En Bolivie, le mouvement social qui secoue le pays depuis six semaines n’a toujours pas trouvé de solution, alors que les appels au dialogue restent sans réponse de la part du gouvernement. Selon RFI, des commerçants, des plateformes citoyennes et des travailleurs ont manifesté vendredi 12 juin à La Paz, la capitale bolivienne, pour exiger du président Rodrigo Paz qu’il déclare l’état d’exception. Cette mesure permettrait notamment le déploiement de l’armée afin de mettre fin aux blocages qui paralysent une partie du pays.

Ce qu'il faut retenir

  • Sixième semaine du mouvement social en Bolivie, toujours sans issue malgré les appels au dialogue.
  • Rodrigo Paz, président bolivien, fait l’objet de demandes de démission de la part des manifestants.
  • Des commerçants, plateformes citoyennes et travailleurs ont manifesté le 12 juin à La Paz pour réclamer l’état d’exception.
  • L’état d’exception permettrait le déploiement de l’armée pour lever les blocages en cours.

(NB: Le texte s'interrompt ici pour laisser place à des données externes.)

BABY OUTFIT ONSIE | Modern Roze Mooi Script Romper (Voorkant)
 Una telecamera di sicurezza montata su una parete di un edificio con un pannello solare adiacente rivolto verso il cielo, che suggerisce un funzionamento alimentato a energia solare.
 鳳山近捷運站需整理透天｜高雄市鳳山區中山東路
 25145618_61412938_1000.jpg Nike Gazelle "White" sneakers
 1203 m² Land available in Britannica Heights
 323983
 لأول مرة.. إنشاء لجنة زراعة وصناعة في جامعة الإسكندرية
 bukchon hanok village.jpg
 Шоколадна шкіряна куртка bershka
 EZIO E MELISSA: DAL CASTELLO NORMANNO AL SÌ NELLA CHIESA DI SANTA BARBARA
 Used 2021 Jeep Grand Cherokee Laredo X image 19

Un mouvement social durable et ses conséquences

Le mouvement, qui dure depuis six semaines, s’est intensifié ces derniers jours, avec des blocages persistants dans plusieurs régions du pays. Selon RFI, les manifestants demandent la démission du président Rodrigo Paz, accusé de ne pas répondre aux revendications sociales et économiques. Les appels au dialogue lancés par le gouvernement n’ont, pour l’instant, pas abouti à une sortie de crise.

Côté population, la lassitude grandit. À La Paz, des commerçants et des travailleurs ont organisé une manifestation vendredi 12 juin pour faire entendre leur voix. Parmi eux, des représentants de plateformes citoyennes ont réclamé des mesures fortes, comme la déclaration de l’état d’exception, afin de rétablir l’ordre et de lever les blocages qui asphyxient l’économie locale.

L’état d’exception : une solution controversée

La demande de déclaration de l’état d’exception divise. Pour ses partisans, dont les commerçants et certains secteurs de la société civile, cette mesure est nécessaire pour mettre fin aux perturbations et permettre aux entreprises de fonctionner à nouveau. «

Le temps du dialogue est révolu. Il faut agir maintenant pour sauver notre économie et nos emplois
», a déclaré un représentant des commerçants de La Paz, cité par RFI.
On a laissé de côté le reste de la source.